• **DATA SEGMENT**
+ + +
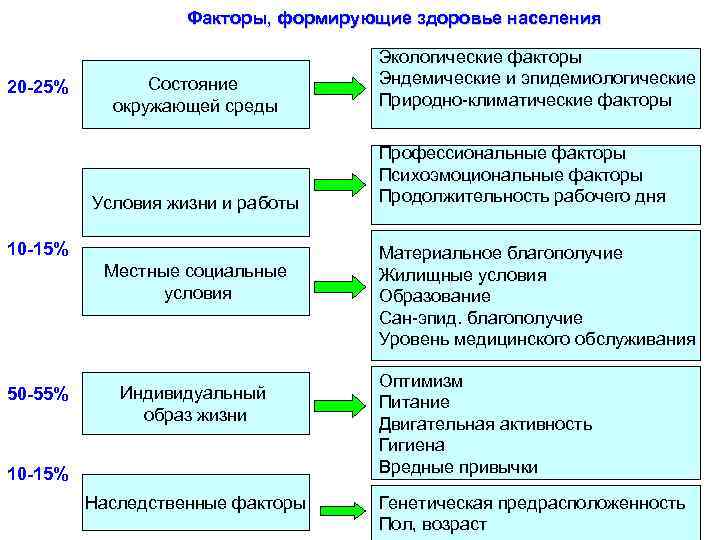 Факторы, формирующие здоровье населения 20 -25% Состояние окружающей среды Условия жизни и работы 10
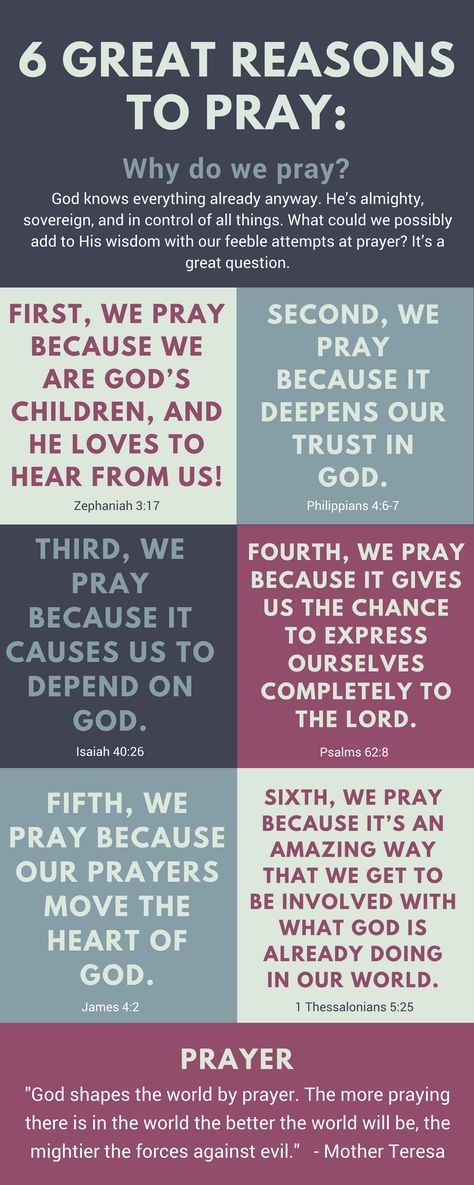 If God already knows everything anyway, why should we prayer? What's the big deal with prayer, and does it really make a difference? That's what we are talking about on the blog today. Why not stop by for encouragement, instruction, Bible verses, wisdom, and truths for God's Word? This post will give you 6 great reasons for prayer. Woord Van God, Ayat Alkitab, Prayer Board, Prayer Warrior, Power Of Prayer, Prayer Journal, Parenting Tips, Bible Scriptures, Way Of Life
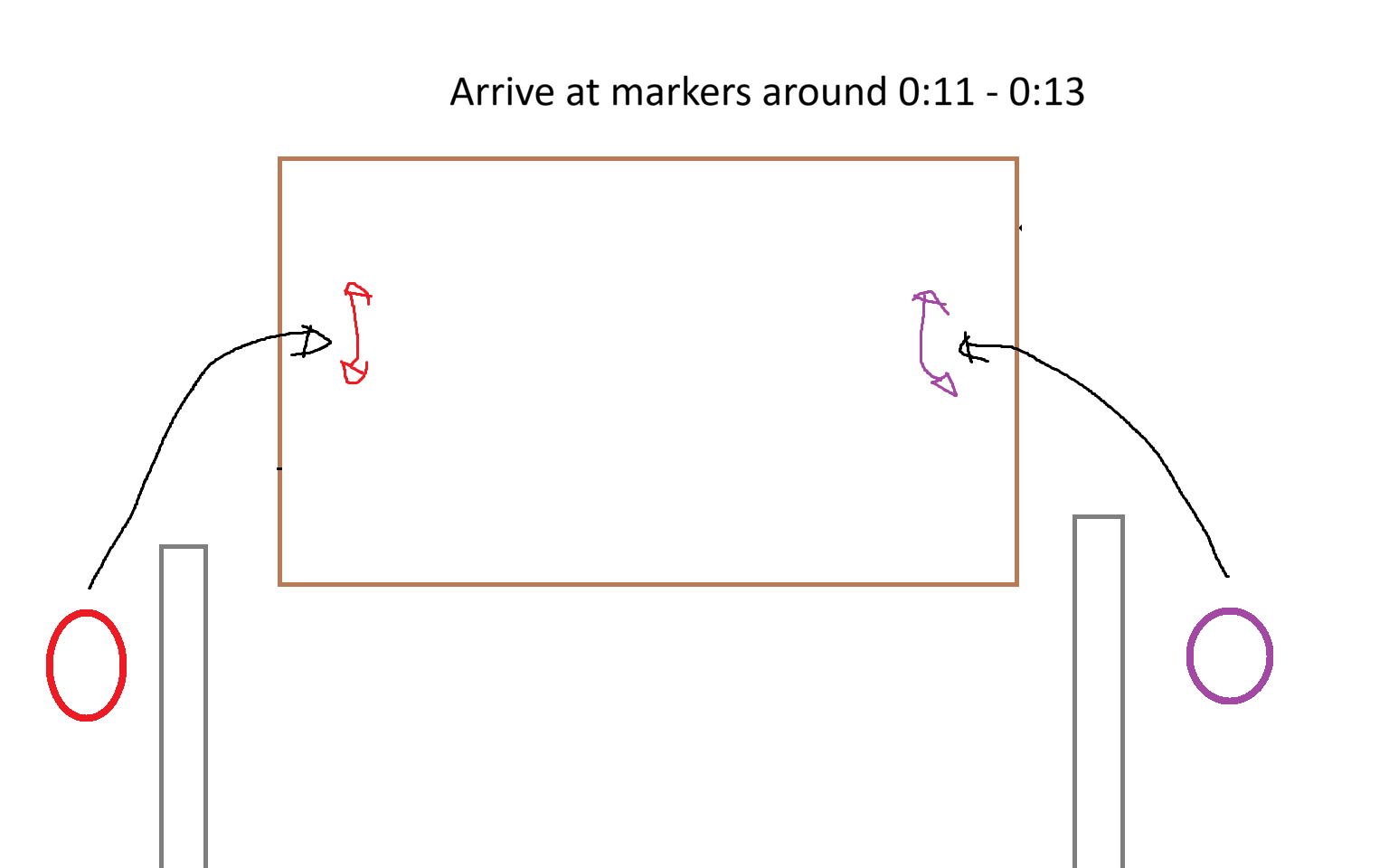 Step 0 – Enter from walls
+ + +
• **TASK DIRECTIONS**
Repeat each line of the material exactly, please, and skip every picture.

• **ANSWER TO THE EXERCISE**
 Факторы, формирующие здоровье населения 20 -25% Состояние окружающей среды Условия жизни и работы 10
 If God already knows everything anyway, why should we prayer? What's the big deal with prayer, and does it really make a difference? That's what we are talking about on the blog today. Why not stop by for encouragement, instruction, Bible verses, wisdom, and truths for God's Word? This post will give you 6 great reasons for prayer. Woord Van God, Ayat Alkitab, Prayer Board, Prayer Warrior, Power Of Prayer, Prayer Journal, Parenting Tips, Bible Scriptures, Way Of Life
 Step 0 – Enter from walls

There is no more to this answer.